In re the Construction of the Will of Rockwell

26 Misc. 2d 709 | N.Y. Sur. Ct. | 1960

Joseph A. Cox, S.

This is a proceeding brought by one of the executors named in the decedent’s will for construction of said will and for the appointment of trustees. The decedent by his will appointed his wife and the petitioning corporate executor as executors and trustees of his will and the trusts created therein but stated that if for any reason his wife failed to qualify or act, a third person named therein was to act as such executor and trustee in her place and stead.
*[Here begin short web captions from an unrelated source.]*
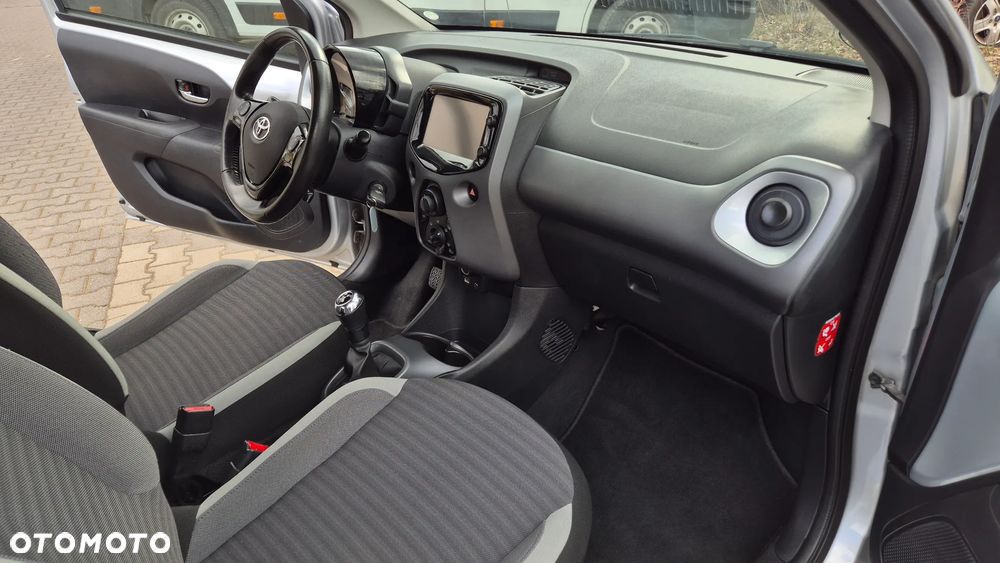 Toyota Aygo x-play - 20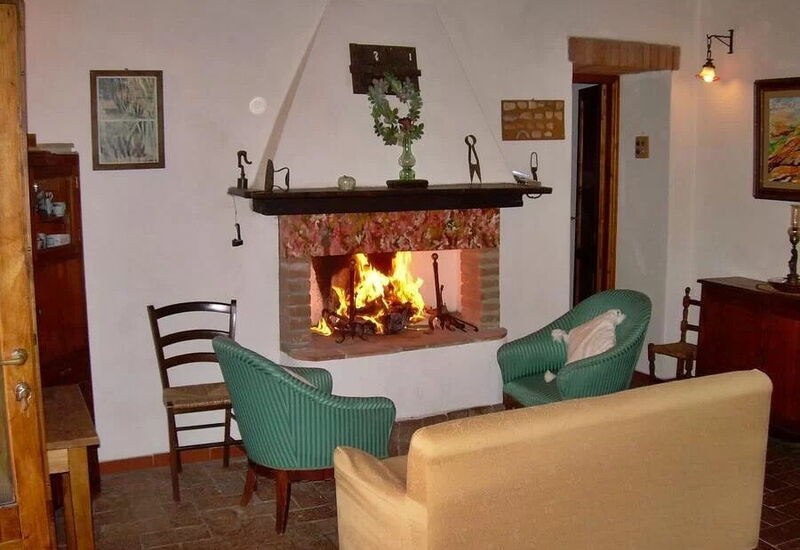 Poggino di Sorano: Dining Room, Living Room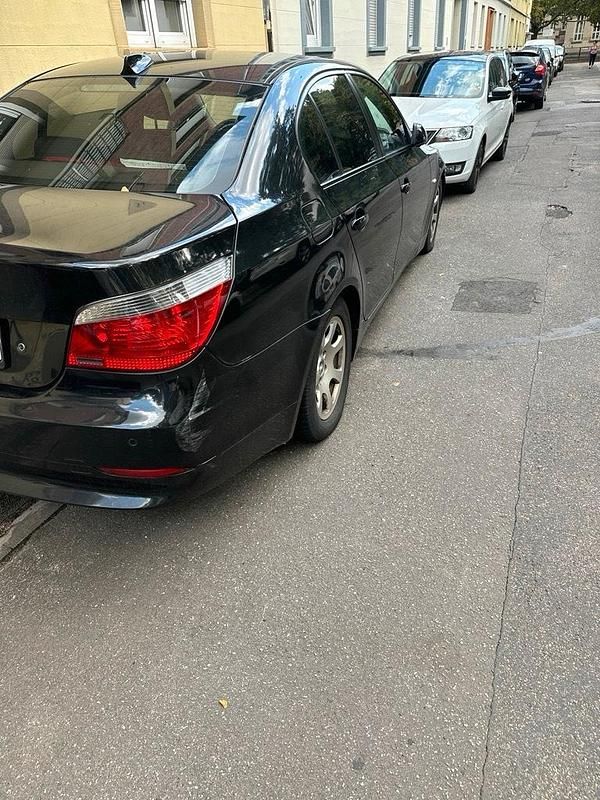 Schwarz Gebraucht 2004 BMW 530 Limousine | 4.000 € - Bild 1/4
Under article Third of the will the trustees “ acting jointly ” are given discretionary power to invade the trust principal for the benefit of the wife. It is the contention of the special guardian that by reason of section 141 of the Real Property Law the wife cannot exercise this discretion in favor of herself and that she, therefore, cannot qualify as a trustee. This contention cannot be sustained. Although section 141 of the Real Property Law disqualifies the widow with respect to invasions of the trust principal, she is not disqualified from acting as a trustee in all other respects. The language of this section is clear and with respect to this single discretionary power ‘ ‘ it may be executed by the trustee or trustees who are not so disqualified ”. The decedent’s widow is clearly prepared to qualify and act as trustee and section 141 of the Real Property Law places no disability upon her qualification except with respect to the distribution of principal to herself as aforesaid. The court, therefore, directs that letters of trusteeship issue to the decedent’s wife and the corporate fiduciary of the trust created by the decedent (Matter of Bender, 200 Misc. 768; Matter of Atkins, 193 Misc. 273; Matter of Lyons, 13 Misc 2d 287).
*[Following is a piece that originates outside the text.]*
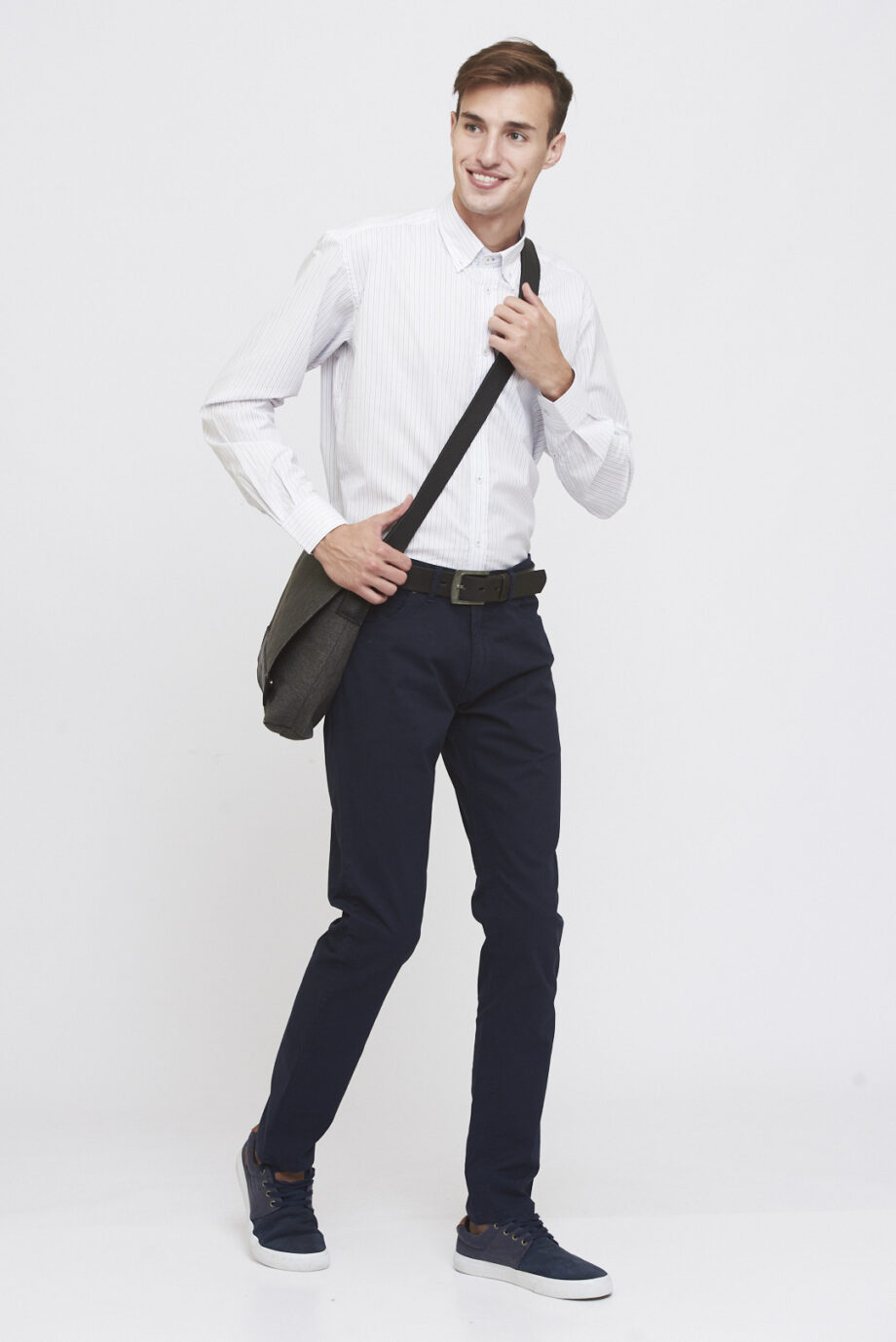 Pantalón corte jean regular fit de gabardina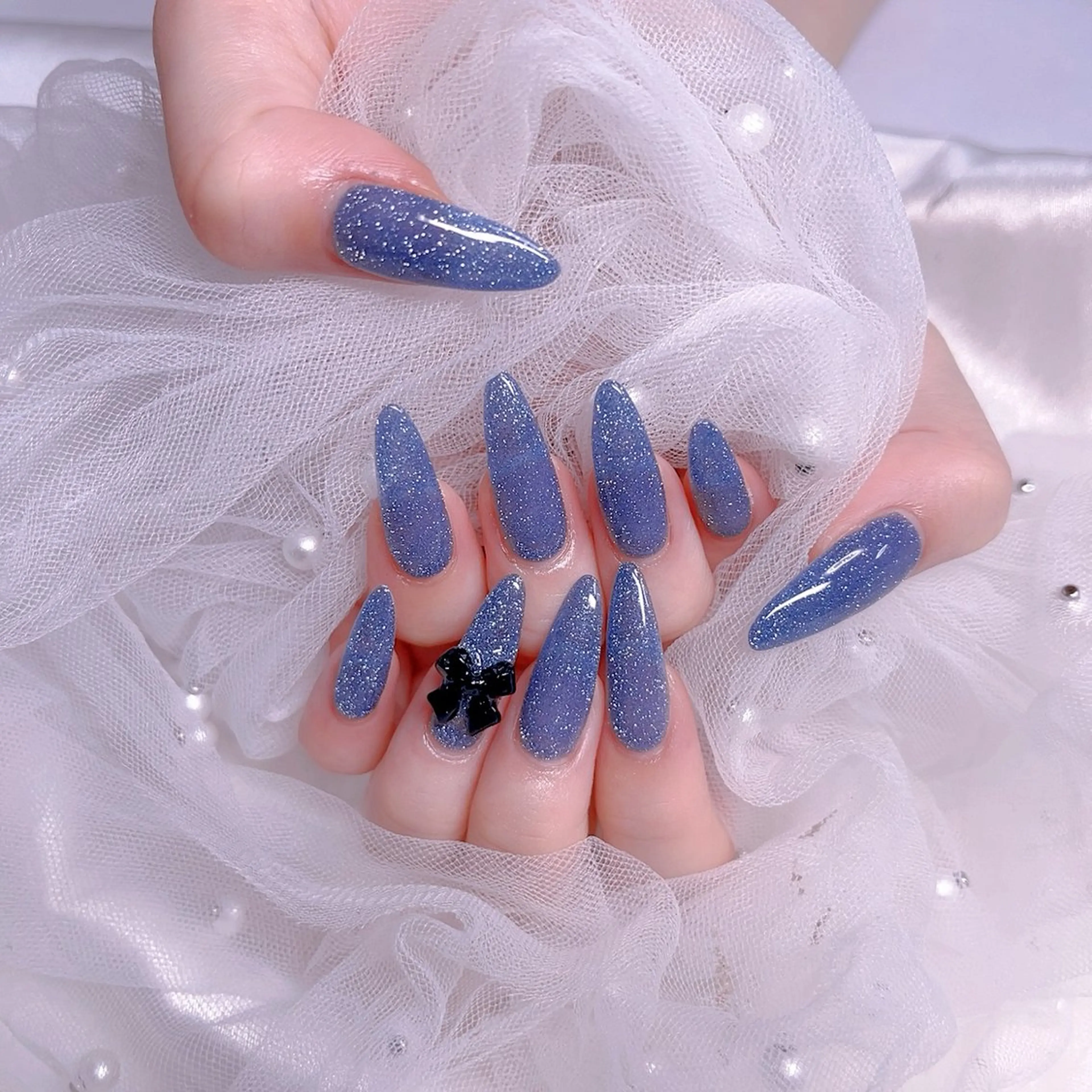 ネイル UMI ネイルサロン新宿🎀のネイルデザイン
*711Under article Second of his will the testator devised and bequeathed ‘ any home of which I may die seized and the furnishings thereof * * * to my wife, Vivian Rockwell At the time of his death decedent owned and resided with his wife and children in a co-operative apartment at premises 125 East 74th Street, New York City. The ownership of the apartment is evidenced by the usual stock in the co-operative housing corporation and a proprietary lease. The other real property owned by the decedent on the date of his death consisted of some vacant land in Texas, Florida and California and a winter home owned jointly with his wife in Miami Beach, Florida, which was purchased by the testator in 1957 about a month after his will was executed. The home which decedent referred to in article Second of his will could only refer to the co-operative apartment owned by him at premises 125 East 74th Street, New York City, which he occupied with his wife and children since 1939 and which was purchased by him in 1953. This apartment was his home and the intent of the testator to give it to his wife is clear and unmistakable.
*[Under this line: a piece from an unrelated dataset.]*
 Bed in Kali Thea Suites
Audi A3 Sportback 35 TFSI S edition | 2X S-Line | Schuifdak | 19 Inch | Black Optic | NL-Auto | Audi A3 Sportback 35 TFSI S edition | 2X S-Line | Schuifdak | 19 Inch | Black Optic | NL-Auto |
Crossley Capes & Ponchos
The request of the widow that this court set a criterion to be used to determine the extent to which principal should be invaded is denied. The will grants discretion to the trustee and the primary responsibility for determining the need for an invasion of principal and the extent thereof is the trustee’s. The action of the trustee will be subject to judicial review (Matter of Martin, 269 N. Y. 305, 313-314; Matter of Garrett, 9 A D 2d 545).

The position taken by the special guardian to the effect that the capital assets of the decedent’s wife must be taken into consideration before any invasion of principal shall be made is without foundation. The testator clearly states that if the income from the trust together with “ her ” (the wife’s) income from all other sources is not sufficient, then the trust principal may be invaded. The widow’s income from her capital assets must be considered but not the size and extent of her capital assets (Matter of Robichon, 105 N. Y. S. 2d 491; Matter of Clark, 280 N. Y. 155; Matter of Atkins, 193 Misc. 273; Matter of Paster, 22 Misc 2d 4).

There remains for disposition the question of whether the support, maintenance and education of the decedent’s infant children can be properly charged by the widow as part of her support and maintenance which would justify the inclusion of the cost of such support and maintenance in the computation necessary to arrive at the extent to which the principal of the *712trust may be invaded. The direction to invade the trust principal, if necessary for the support and maintenance of the wife, must be read as a direction to support and maintain the family unit and to do all things necessary to support the family comfortably. The failure of the testator to specifically provide for the support, maintenance and education of his infant children does not imply or indicate any intention to ignore or neglect them, but indicates instead his complete confidence that his wife would nurture and take care of the children. As stated in Pruyn v. Sears (96 Misc. 200, 212) “ I think the support of the family is clearly incidental to the care, support and maintenance of the beneficiary and that, therefore, it is the duty of the trustees to provide for the same.”

The court, therefore, finds that the cost of the support, maintenance and education of the infants is a proper item to be considered by the trustees in connection with the necessity for invasion of the principal of the trust created under article Third of the testator’s will. Submit decree on notice accordingly.